Greg Norman has long been leading the charge for the Saudi Arabia-backed LIV Golf Investments and its new series of events slated to begin in June outside London, but the two-time Open champion wasn’t the only person who was made an offer.
According to a Fire Pit Collective story published on Monday morning, 18-time major champion Jack Nicklaus turned down not just one, but two offers to lead the new golf entity that has caused a stir in professional golf over the last year.

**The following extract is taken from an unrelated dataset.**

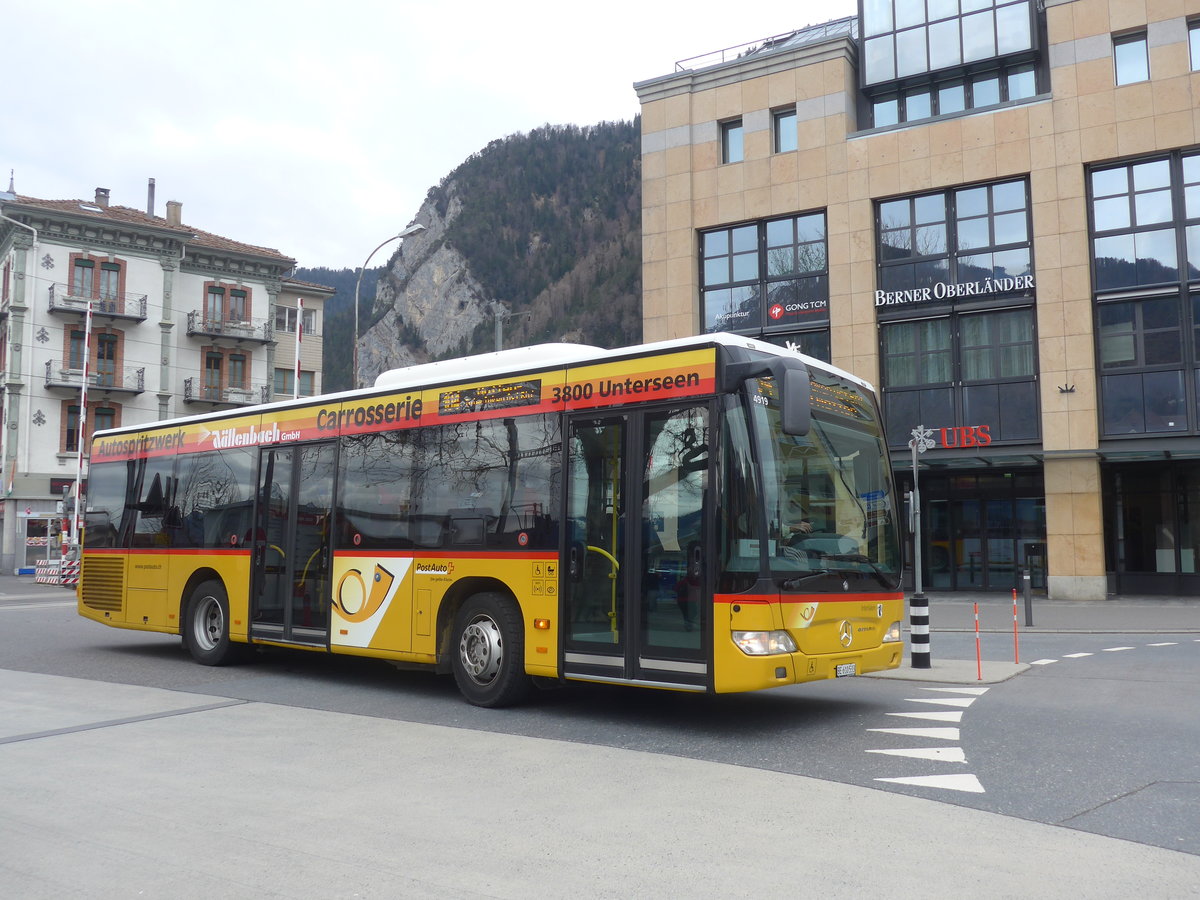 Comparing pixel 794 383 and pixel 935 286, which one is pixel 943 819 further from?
pixel 935 286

“I was offered something in excess of $100 million by the Saudis, to do the job probably similar to the one that Greg (Norman) is doing,” said Nicklaus. “I turned it down. Once verbally, once in writing. I said, ‘Guys, I have to stay with the PGA Tour. I helped start the PGA Tour.’”
More: Norman details severity of Mickelson’s comments
Nicklaus was a 73-time winner on Tour, only trailing Sam Snead and Tiger Woods, who both have 82 victories.
Despite a handful of players requesting releases to play in the first LIV Golf event, last week Golfweek broke the news that the Tour had denied releases for the likes of Robert Garrigus, Lee Westwood and Phil Mickelson and the rest who made requests.
Tuesday, May 17, is the deadline by which players must request waivers to compete in the second Saudi event, scheduled for July 1-3 at Pumpkin Ridge Golf Club in Portland, Oregon.
PGA Tour policy does not permit releases to be granted for events played against its own schedule in North America, so no applications for that tournament were expected to be granted.